▸ About this task
Beginning with the line where "Interior, Kitchen, Recessed" appears, restate each line word for word until the data ends. Pictures do not go in.

Given records below:

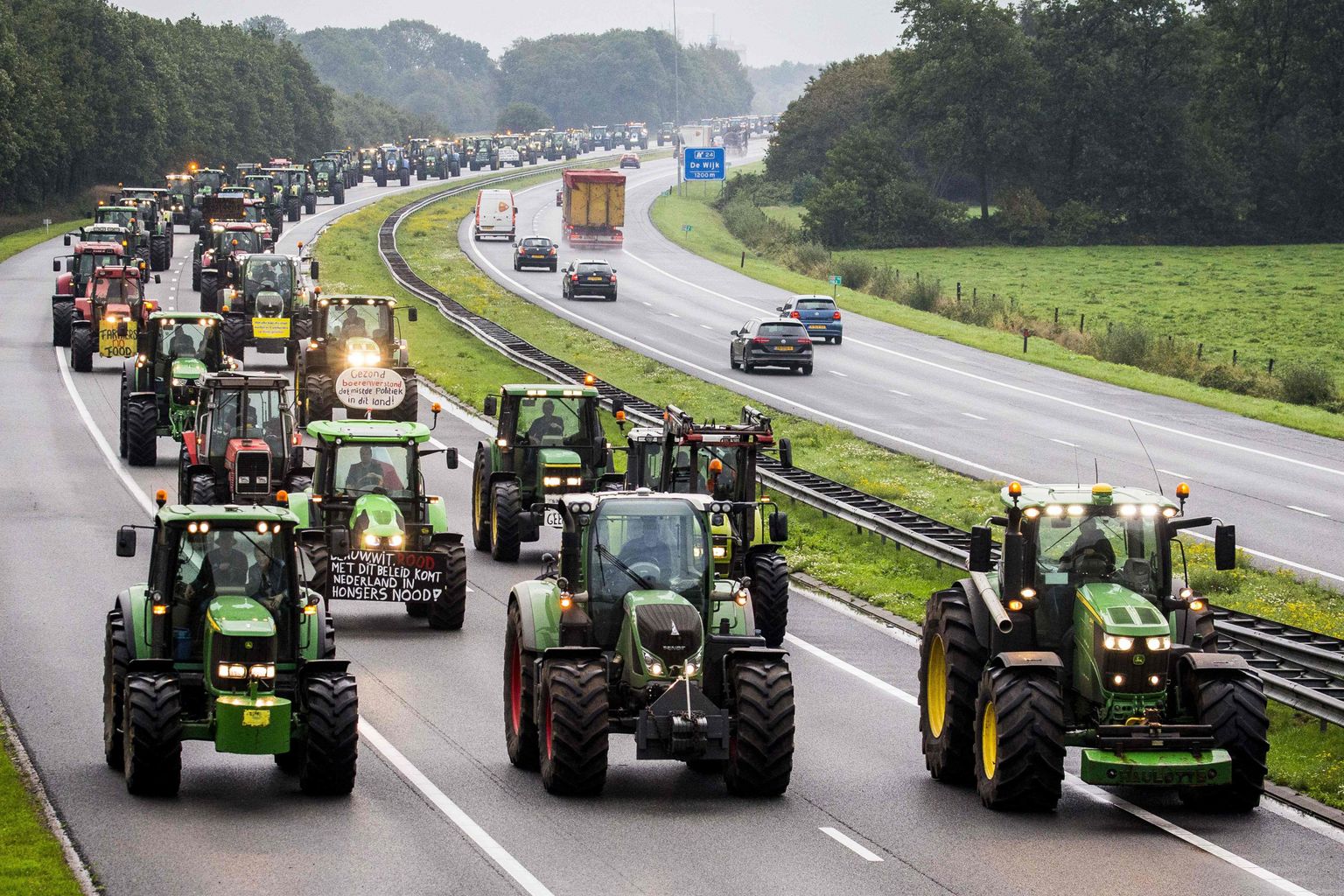 Lauksaimnieki ar traktoriem Nīderlandē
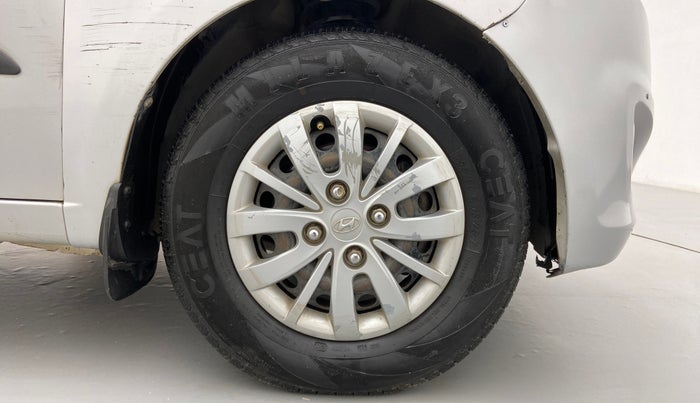 2015 Hyundai i10 SPORTZ 1.1, Petrol, Manual, 93,736 km, Right Front Wheel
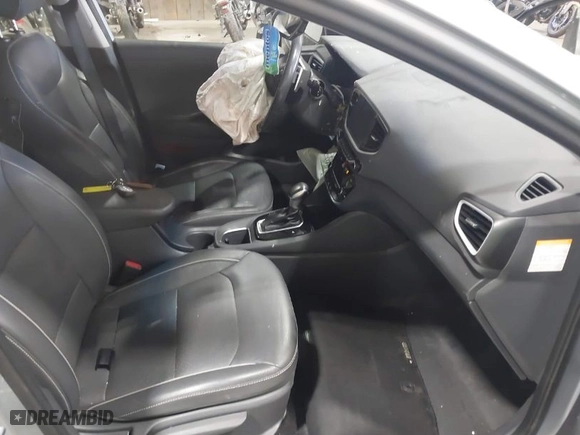 2019 Hyundai Ioniq Plug-In Hybrid Limited with VIN KMHC75LD0KU174453, listed as a IAAI auction lot 41860496 with 66,056 mi miles. Bid and sale history available at carsss.com. Image 5.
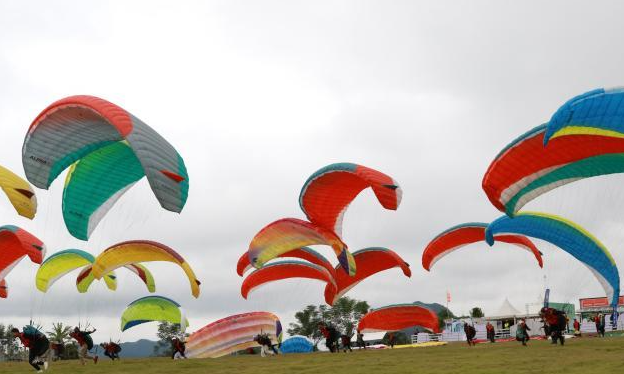 2025年广西滑翔伞公开赛收官 推动“体育+旅游”融合发展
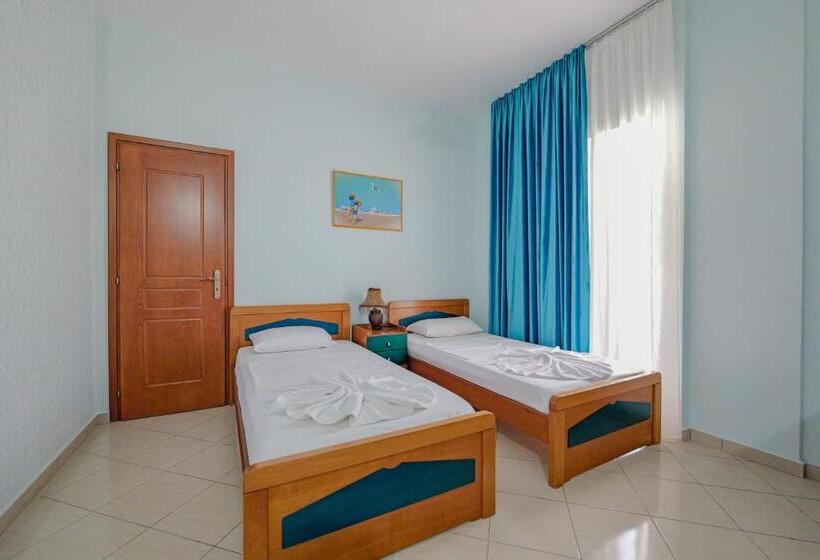 اتاق خانوادگی با چشم‌انداز دریا, Divo Palace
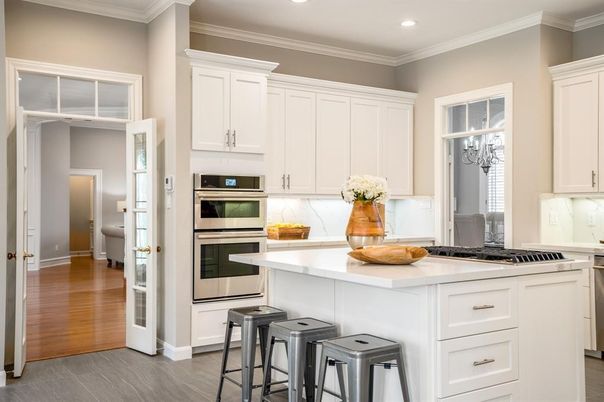 Interior, Kitchen, Recessed Lighting, Stainless Steel Appliances, Washer, Wood Texture Flooring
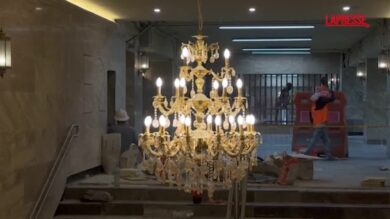 Città del Messico, la metropolitana di Hidalgo diventa famosa per i suoi lampadari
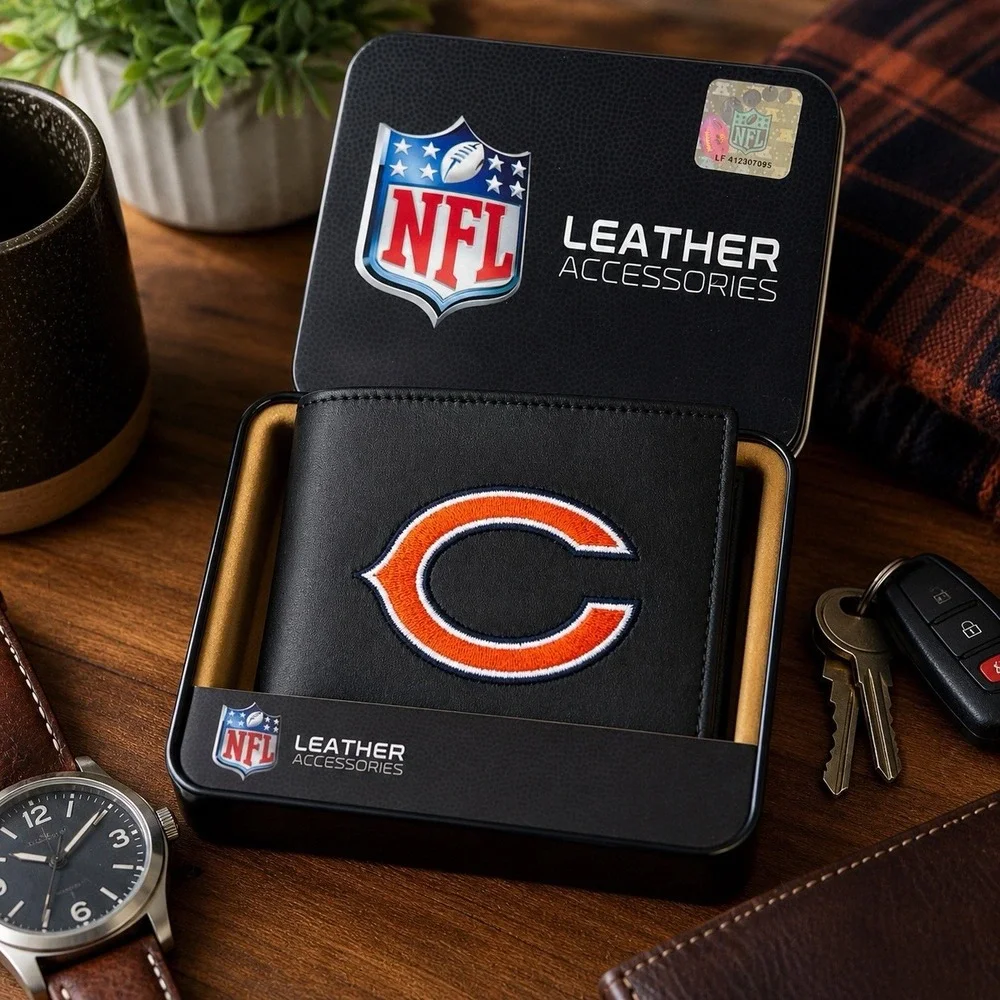 NFL Chicago Bears Leather Bi-Fold Wallet Embroidered Logo New w/ Tin Gift Box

End of Given records.

▸ Solution
 Interior, Kitchen, Recessed Lighting, Stainless Steel Appliances, Washer, Wood Texture Flooring
 Città del Messico, la metropolitana di Hidalgo diventa famosa per i suoi lampadari
 NFL Chicago Bears Leather Bi-Fold Wallet Embroidered Logo New w/ Tin Gift Box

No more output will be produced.